The insulin can come in a disposable or a non-disposable type of pen, depending on what is best for the user. The difference is that in a disposable insulin pen, the entire pen itself is discarded, whereas a refillable pen or reusable pen, the inside of the pen, the cartridge that contains the insulin is removed and discarded after use. After the cartridge has been discarded, a new cartridge containing insulin can replace it.


The insulin cartridge itself holds 300 units of insulin, and most people get a number of days’ worth or even a week’s worth of insulin uses out of one pen device or cartridge.


Insulin pens require an individual insulin pen needle to be screwed on and removed with each insulin injection. One should make sure to use a fresh sterile needle with each use.

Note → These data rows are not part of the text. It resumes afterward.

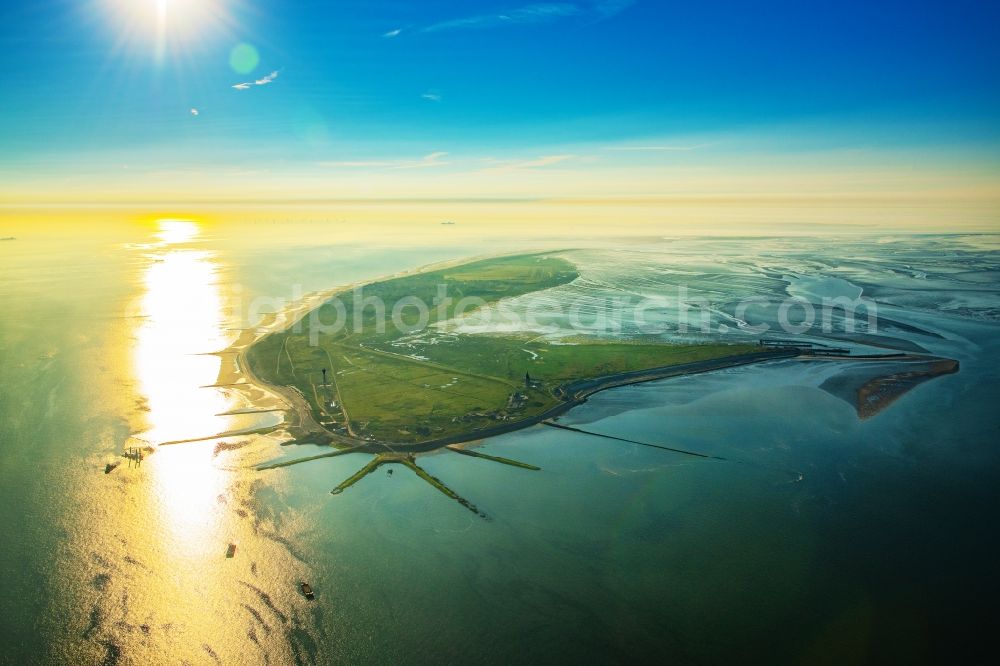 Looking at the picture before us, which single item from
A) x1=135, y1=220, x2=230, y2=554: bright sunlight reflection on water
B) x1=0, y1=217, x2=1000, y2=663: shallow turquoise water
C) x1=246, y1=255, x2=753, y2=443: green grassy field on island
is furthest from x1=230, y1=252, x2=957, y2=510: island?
x1=135, y1=220, x2=230, y2=554: bright sunlight reflection on water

The potential advantages of using an insulin pen primarily relate to the convenience and discretion. Many individuals find it quite easy to simply lift up a shirt and give an injection discretely without anyone seeing what they’re doing. It also takes up less space in a pocketbook or bag than carrying several syringes and vials.


Because an insulin pen requires a very short, small needle, some individuals feel that insulin pens are less painful.




The potential disadvantages of an insulin pen to consider would be if a person doesn’t use it properly, he can deliver less insulin than he should. As such, proper training is very important. Also, if a person leaves the needle on the top, some leakage can occur, and this can also allow bacteria to get into the insulin and cause it to become contaminated.


If a person requires two different types or forms of insulin, for example a long-acting and a rapid-acting, mealtime insulin, with a pen system, that person would actually need to take two separate shots. With the syringe and vial method, however, a person can draw one type of insulin into the syringe and may be able to mix the second type in that very same syringe; thereby giving only one injection. It’s important to know not all types of insulin can be mixed in the same syringe so that is something that must be discussed with a physician before being attempted.